#### [DATA TO USE]
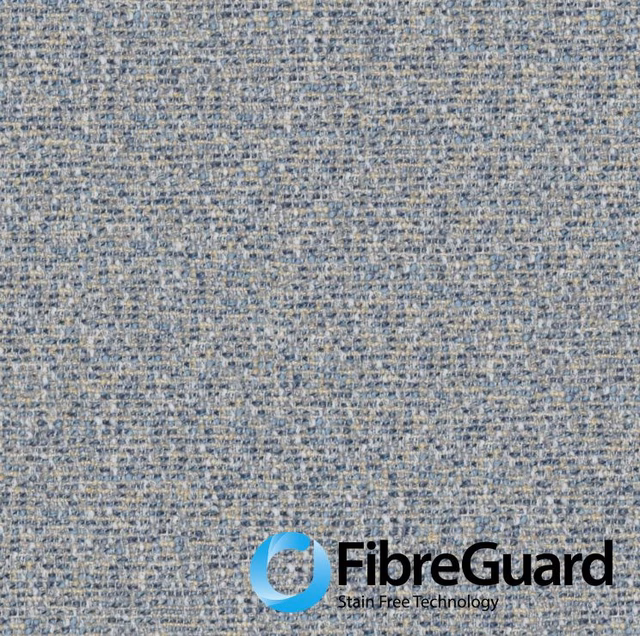 Close-up of muted blue-grey woven fabric with pale beige flecks and tactile texture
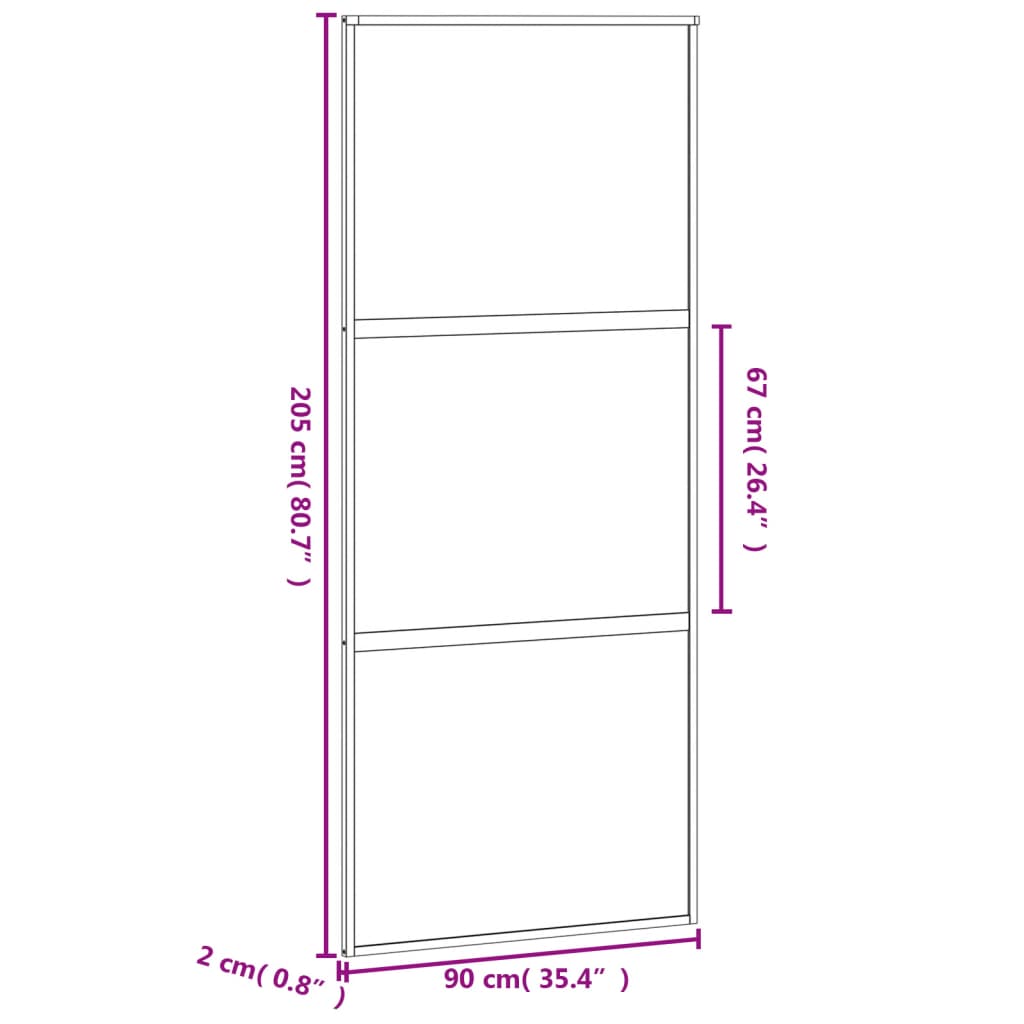 vidaXL Porte coulissante noir 90x205 cm verre trempé aluminium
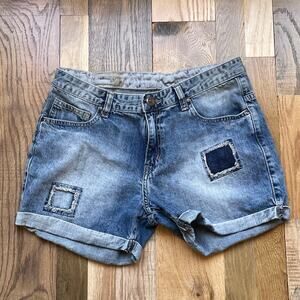 RS Jeans Denim Shorts Womens Size 30 Distressed Patchwork Rolled Hem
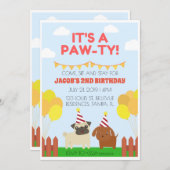 クールエキサイティングな犬テーマ誕生日パーティー 招待状 (正面/裏面)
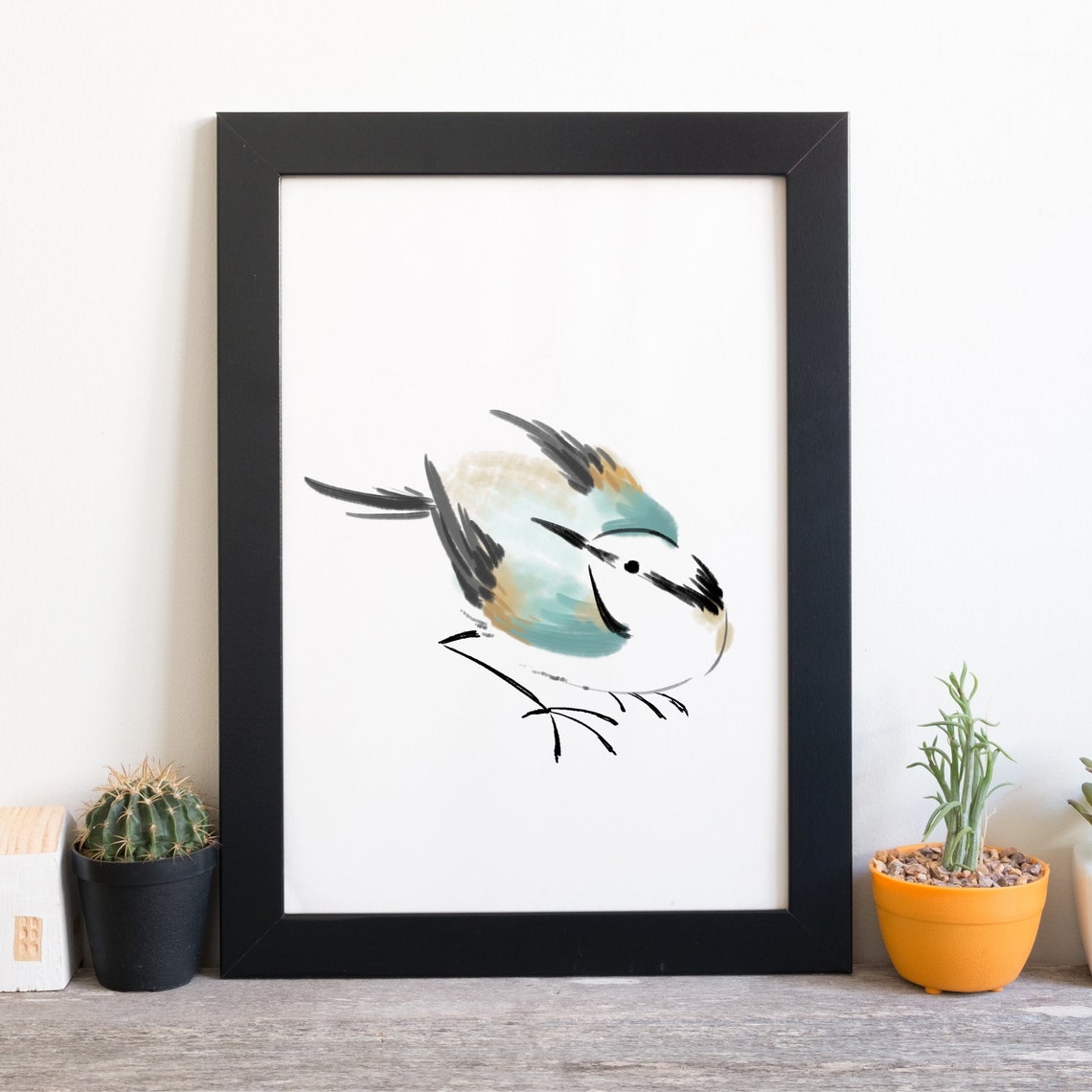 Minimalist Ink Bird Painting Turquoise Beige Nature Watercolor Poster - Image 3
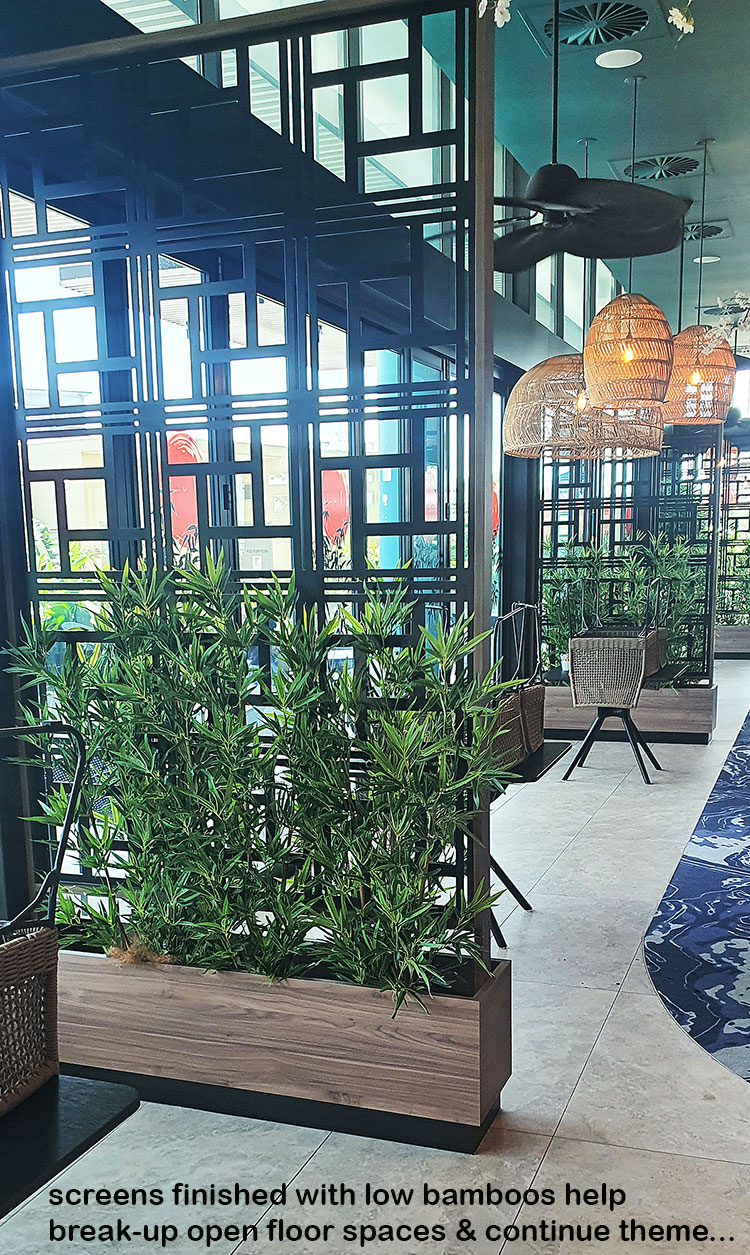 Greenery enhances Restaurant theme...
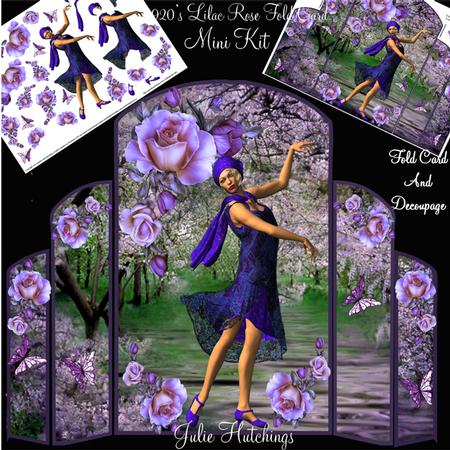 1920's Lilac Rose Fold Card Mini Kit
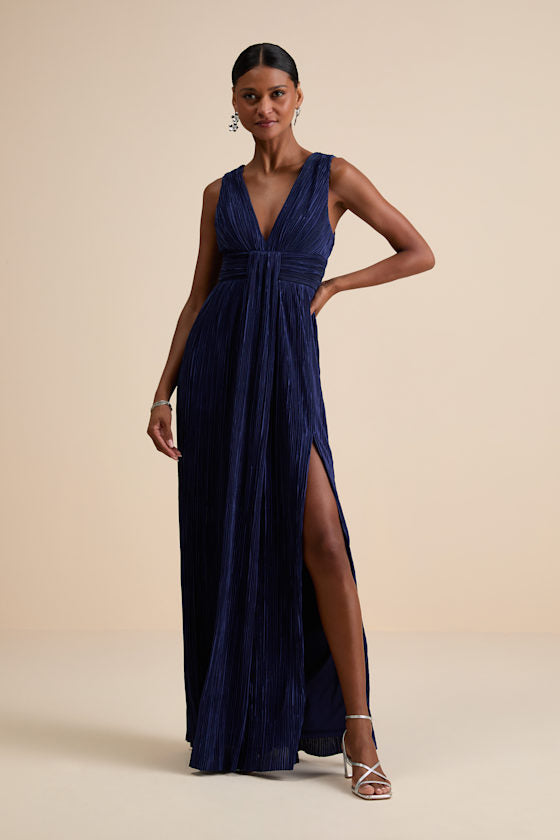 Melitta Lime Green Plisse Sash Maxi Dress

#### [PROBLEM DETAILS]
In your copy, include no pictures and only the lines from the line with "クールエキサイティングな犬テーマ誕生日パーティー 招待状 (正面/裏面)" through the final line of the listing above, reproduced exactly.

#### [WRITTEN SOLUTION]
 クールエキサイティングな犬テーマ誕生日パーティー 招待状 (正面/裏面)
 Minimalist Ink Bird Painting Turquoise Beige Nature Watercolor Poster - Image 3
 Greenery enhances Restaurant theme...
 1920's Lilac Rose Fold Card Mini Kit
 Melitta Lime Green Plisse Sash Maxi Dress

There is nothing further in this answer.